Here are some highlights from a fantastic event held at experience at East Stroudsburg University of Pennsylvania.

Our charge together at ESU was to work together not to address revenue challenges, or enrollment issues, or staffing, or tenure or any of the litany of challenges facing our institutions today. Our charge was to come together and challenge the perception of what it means to work together as a team in the face of long-held belief in the way we’ve always done things.

This, too, is nothing new to so many institutions. We all face the daunting chore of breaking up cemented norms. Here are three areas where ESU is different in my view.

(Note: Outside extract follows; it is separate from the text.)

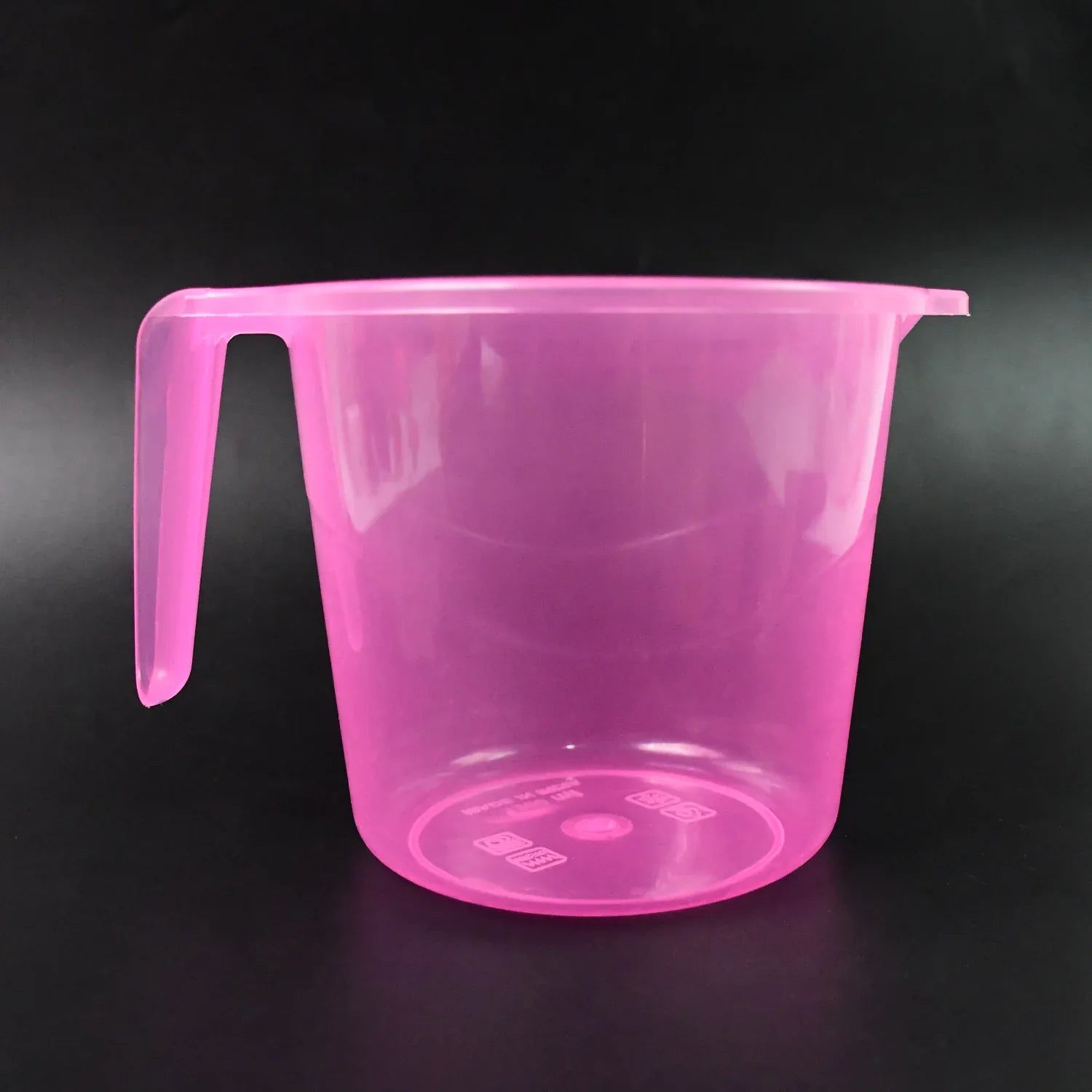 Plastic Round Transparent Bath Water Mug (1 Pc 1200 Ml Mix Color) - Zidbik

  1. Leadership: Vice President Administration & Finance Ken Long has built a team that is positioned to face new challenges. The positive energy is palpable. More importantly, Long’s demonstrated commitment to growth manifests in his behavior to the team, his willingness to receive sometimes difficult criticism, and his ability to adapt to behavior cues that define how he works with others in his capacity as leader.
  2. Risk: Bruce Tuckman coined the model of group development under the moniker “Forming — Storming — Norming — Performing” back in the mid 1960s. The longevitiy of the model always strikes me when I see it so profoundly demonstrated in teams. At ESU, the team has formed and is clearly on the path to face new challenges. The result of strong leadership and momentum is a team that is developing its own identity. In each exercise I threw into the mix, ESU stepped up with energy and enthusiasm ready to take on the most difficult areas of operation with gusto.
  3. Faith: What was clear to me by the end of our time together was that this is a team that is developing a strong sense of faith. Their growing team identity is one that is steeped in confidence in themselves as individual contributors and confidence in their peers to face the difficult road ahead and deliver results together.

Long and his team are putting into action a plan to change their institutional approach to the challenges we face across our industry. But what’s most noble to me in their effort is their willingness to test their own belief in success, to ask the question, “is good enough, really good enough?” And to recognize the incredible power in facing the future as a strong team, together.